TASK BRIEF >>
Produce exactly the lines from the one holding "Pode incluir: Um" through the last line of the data below, with every picture left out.

RECORDED DATA >>
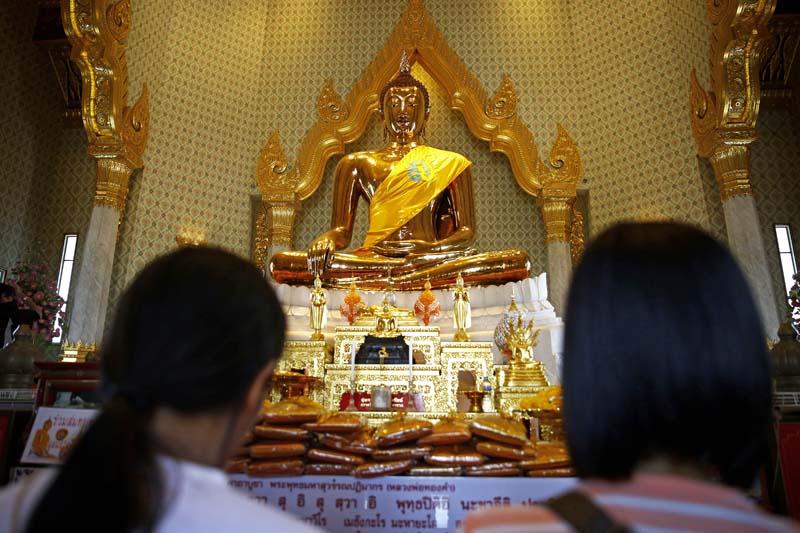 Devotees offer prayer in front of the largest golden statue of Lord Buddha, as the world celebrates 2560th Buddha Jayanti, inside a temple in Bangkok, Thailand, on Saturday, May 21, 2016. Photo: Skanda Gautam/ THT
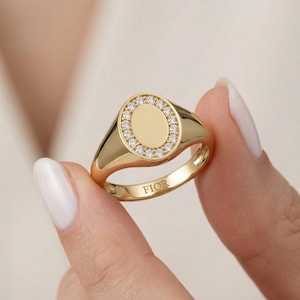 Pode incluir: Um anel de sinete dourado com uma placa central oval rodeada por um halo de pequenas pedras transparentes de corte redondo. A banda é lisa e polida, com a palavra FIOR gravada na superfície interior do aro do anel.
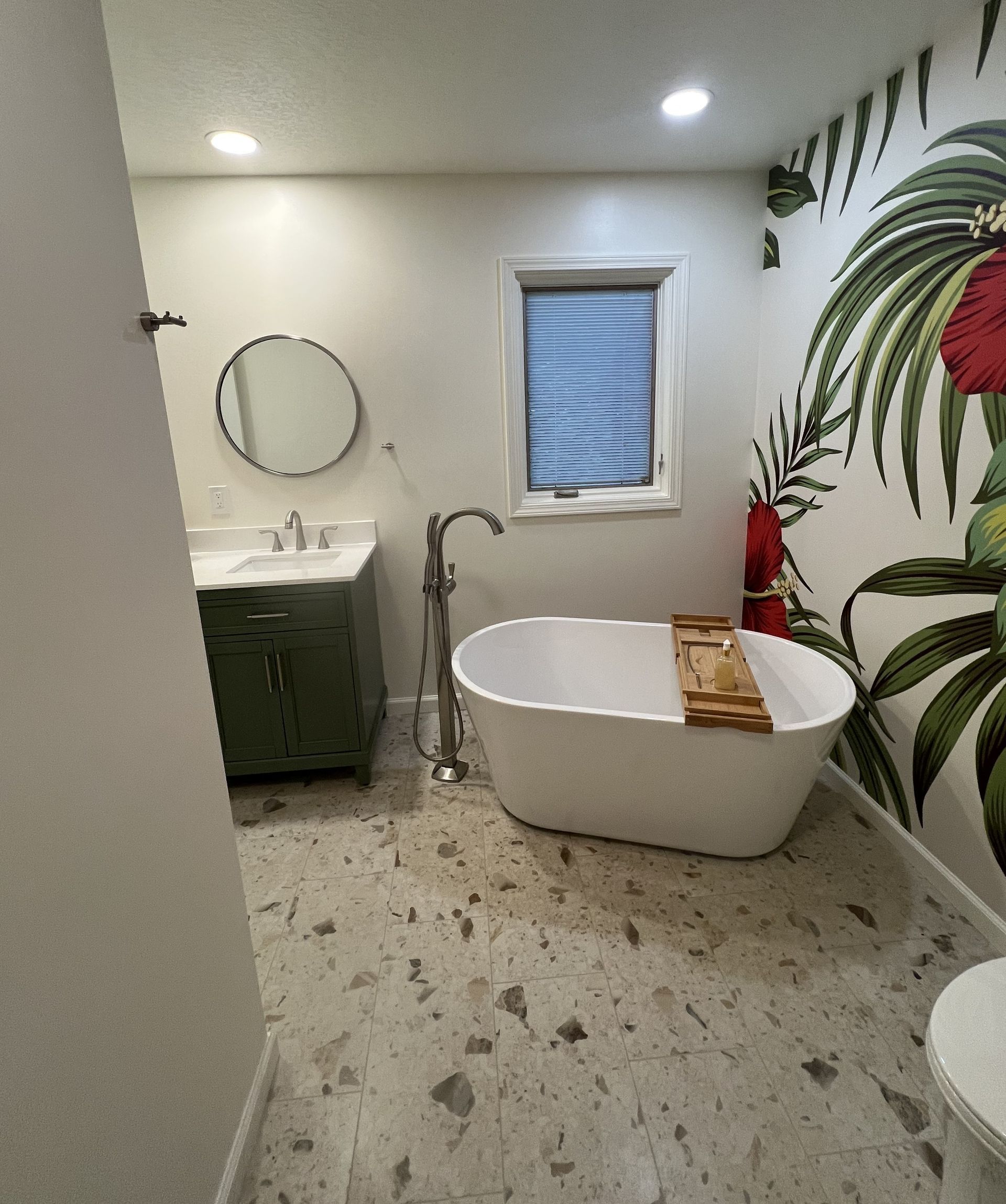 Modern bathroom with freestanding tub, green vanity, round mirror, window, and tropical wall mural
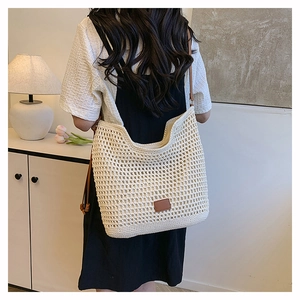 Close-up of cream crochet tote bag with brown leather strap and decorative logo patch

SOLUTION TO THE EXERCISE >>
 Pode incluir: Um anel de sinete dourado com uma placa central oval rodeada por um halo de pequenas pedras transparentes de corte redondo. A banda é lisa e polida, com a palavra FIOR gravada na superfície interior do aro do anel.
 Modern bathroom with freestanding tub, green vanity, round mirror, window, and tropical wall mural
 Close-up of cream crochet tote bag with brown leather strap and decorative logo patch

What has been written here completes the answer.